*** AVAILABLE DATA ***
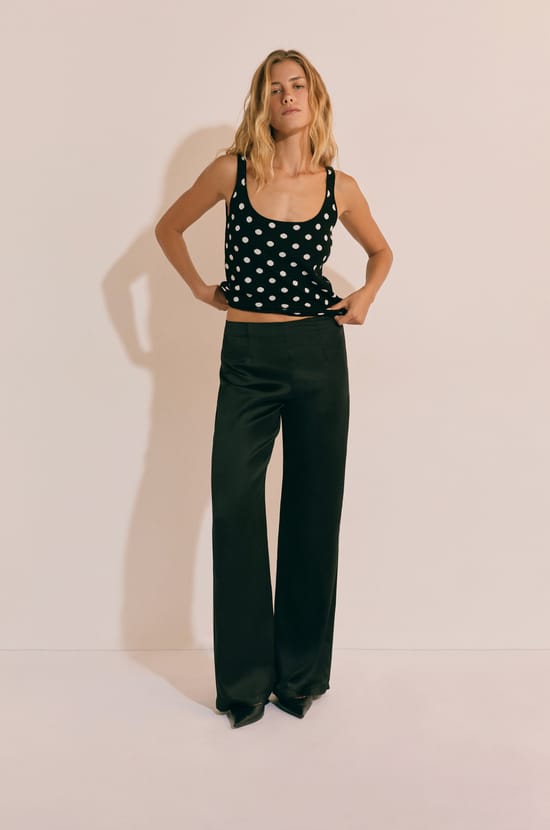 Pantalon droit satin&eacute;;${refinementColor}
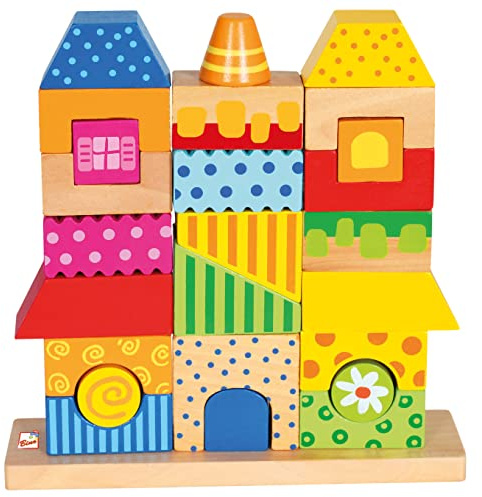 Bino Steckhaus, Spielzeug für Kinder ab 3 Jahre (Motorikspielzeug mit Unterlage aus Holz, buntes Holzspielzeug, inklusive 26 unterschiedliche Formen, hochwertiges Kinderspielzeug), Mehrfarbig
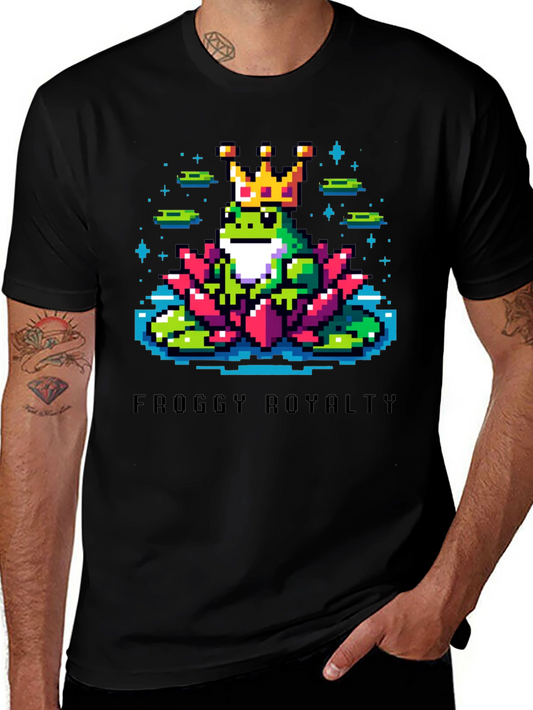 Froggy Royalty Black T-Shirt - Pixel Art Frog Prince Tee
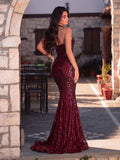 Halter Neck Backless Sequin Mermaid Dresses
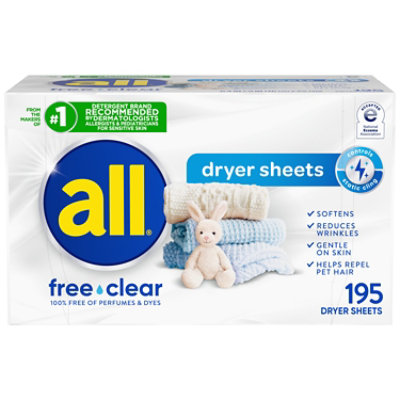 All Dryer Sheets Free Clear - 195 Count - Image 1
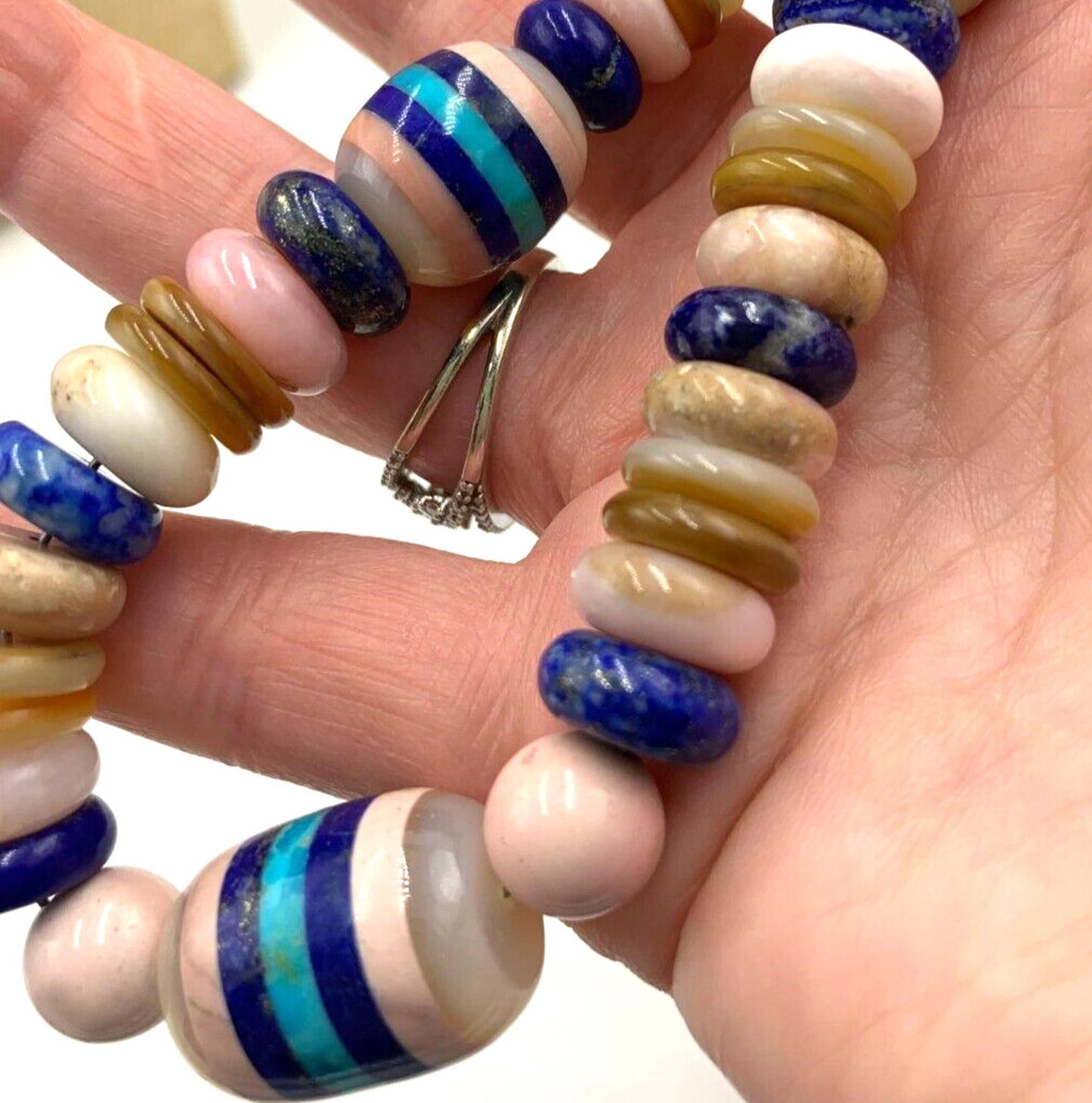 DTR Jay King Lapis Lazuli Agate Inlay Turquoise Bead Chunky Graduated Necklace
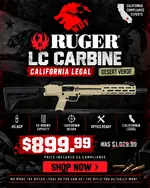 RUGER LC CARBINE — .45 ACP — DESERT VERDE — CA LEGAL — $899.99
***
*** AVAILABLE DATA ***
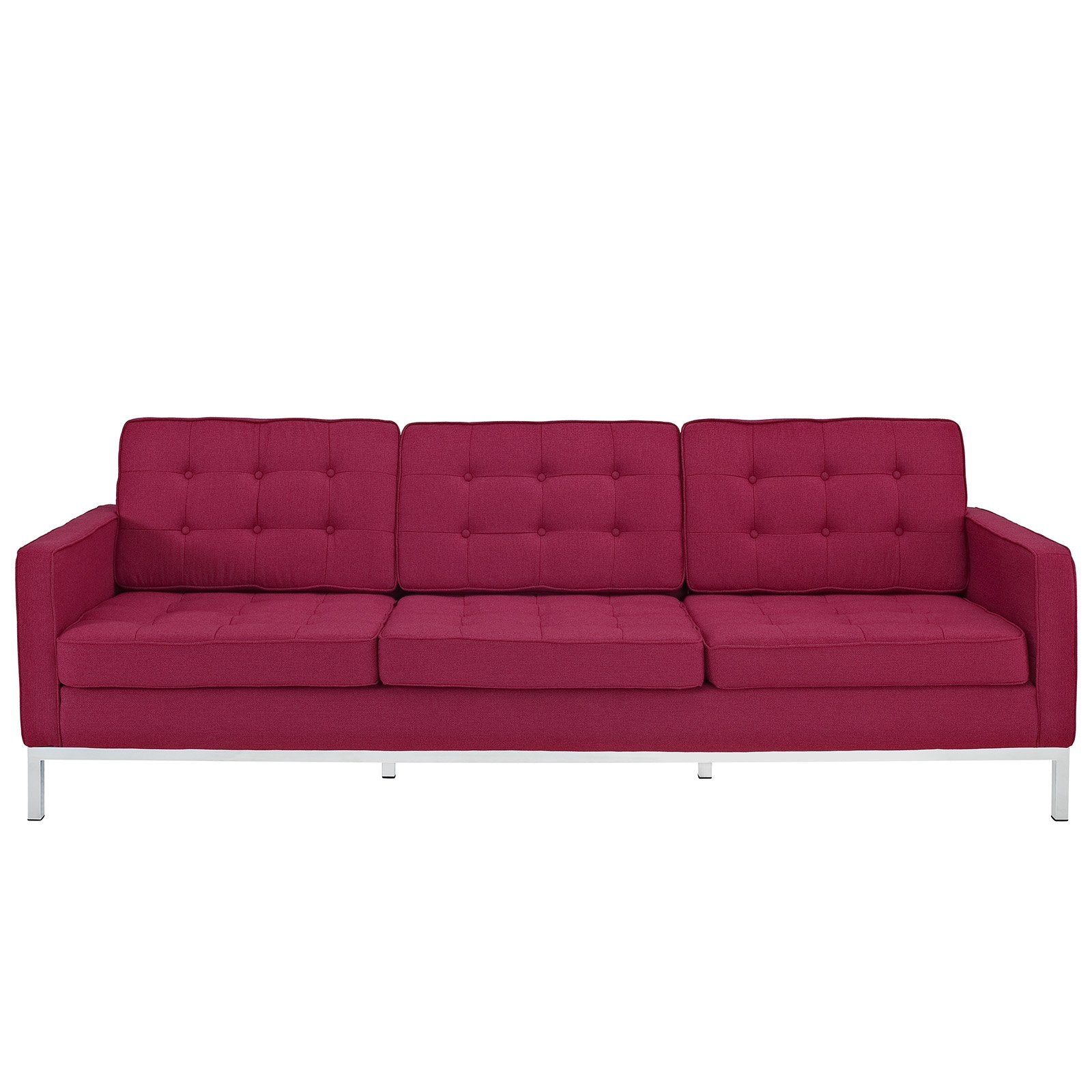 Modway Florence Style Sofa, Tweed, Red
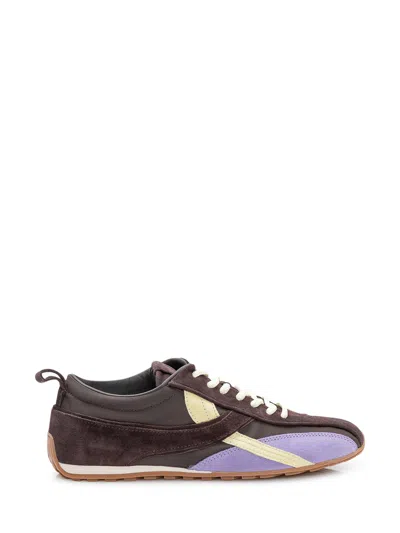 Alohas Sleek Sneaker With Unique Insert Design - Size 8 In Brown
***
### [EXERCISE AIM]
Please output, exactly as written, the lines above from the one holding "Bino Steckhaus, Spielzeug" through the one holding "RUGER LC CARBINE", both included, with the pictures omitted.

### [ANSWER BOX]
 Bino Steckhaus, Spielzeug für Kinder ab 3 Jahre (Motorikspielzeug mit Unterlage aus Holz, buntes Holzspielzeug, inklusive 26 unterschiedliche Formen, hochwertiges Kinderspielzeug), Mehrfarbig
 Froggy Royalty Black T-Shirt - Pixel Art Frog Prince Tee
 Halter Neck Backless Sequin Mermaid Dresses
 All Dryer Sheets Free Clear - 195 Count - Image 1
 DTR Jay King Lapis Lazuli Agate Inlay Turquoise Bead Chunky Graduated Necklace
 RUGER LC CARBINE — .45 ACP — DESERT VERDE — CA LEGAL — $899.99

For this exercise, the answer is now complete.